- Posthumous portrait of Lewis by John Copley
- Born: 22 March 1735 Farringdon, London, England, Kingdom of Great Britain
- Died: 22 February 1791 (aged 55) Chislehurst, Kent, England, Kingdom Of Great Britain
- Allegiance: Kingdom of Great Britain
- Branch: British Army
- Rank: Colonel
- Conflicts: Seven Years' War Siege of Louisbourg; Battle of Havana; ; American Revolutionary War Battle of Quebec (1775); Great Siege of Gibraltar; Battle of Martinique; ;

= George Lewis (British Army officer) =

British Army Colonel

George Lewis (March 22, 1735 – February 22, 1791) was a Colonel in the British Army and commander of the Royal Artillery at the Siege of Gibraltar.

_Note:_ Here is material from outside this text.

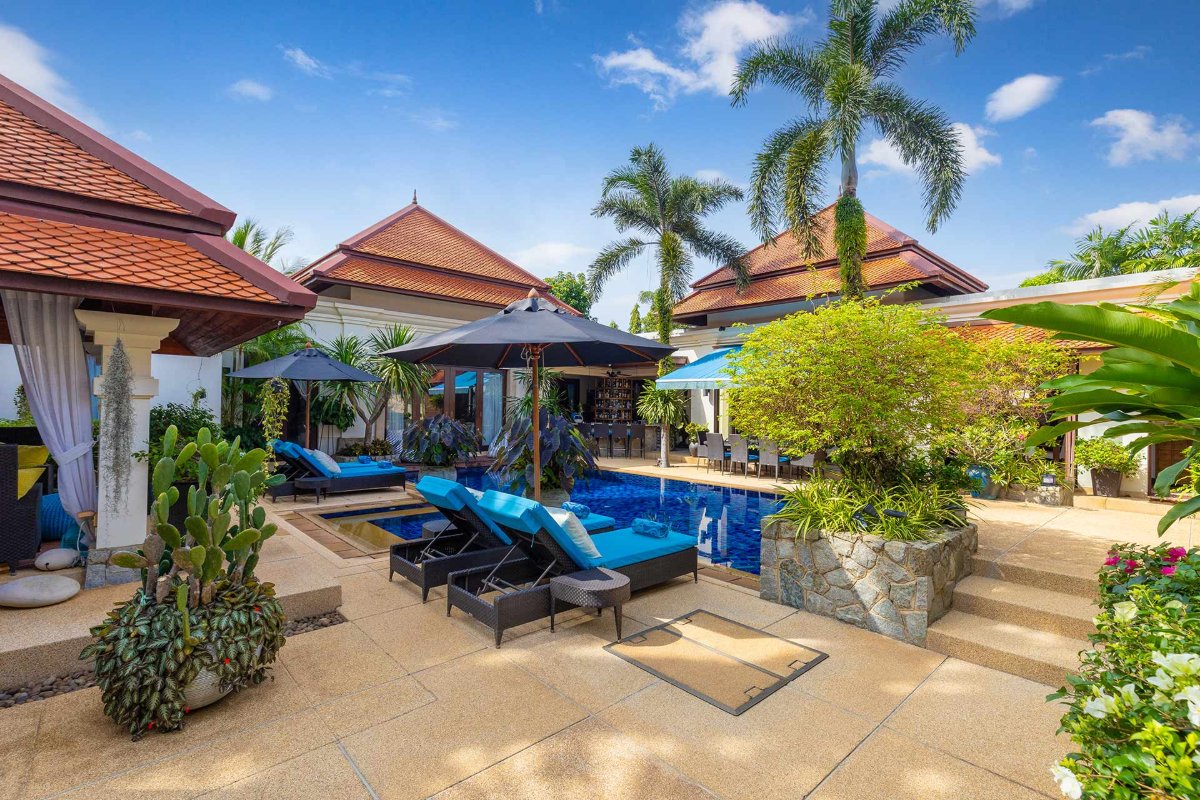 Interior view of Sai Taan Villa 26 – Four-Bedroom Pool Villa in Bang Tao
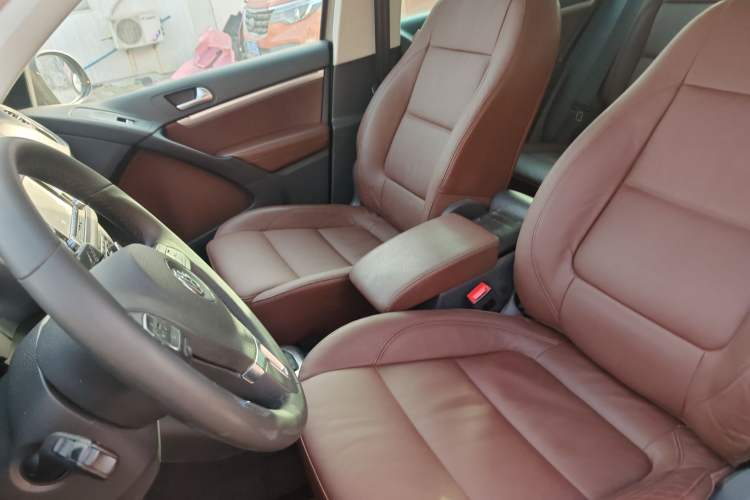 Used Volkswagen Tiguan 2012 2.0 TSI Comfort Edition Left Front Seat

He served in the several campaigns against the French and Spaniards in America, from 1757 to the end of the war in 1762, and was present at the taking Louisburgh, Quebec, Martinique, and Havannah. He is most famously known for the events that took place on 13 September 1782, at the Siege of Gibraltar, when the artillery under his direction set fire to and destroyed all the floating batteries of the combined forces of France and Spain. For this he was awarded a mark of Royal favour by King George III. He was also a sitter in The Siege and Relief of Gibraltar by John Singleton Copley.

==Personal life==
Lewis was born in Farringdon, Berkshire to Joshua and Elizabeth Lewis on 22 March 1735 and had one sister. He married Mary Russel on 3 May 1764 and had eight children.

==Military service==
Lewis fought in many battles including the Battle of Havana and the Siege of Louisbourg. He also commanded a company of the 2nd Battalion, Royal Artillery, during the defense of Gibraltar from 1779 to 1783.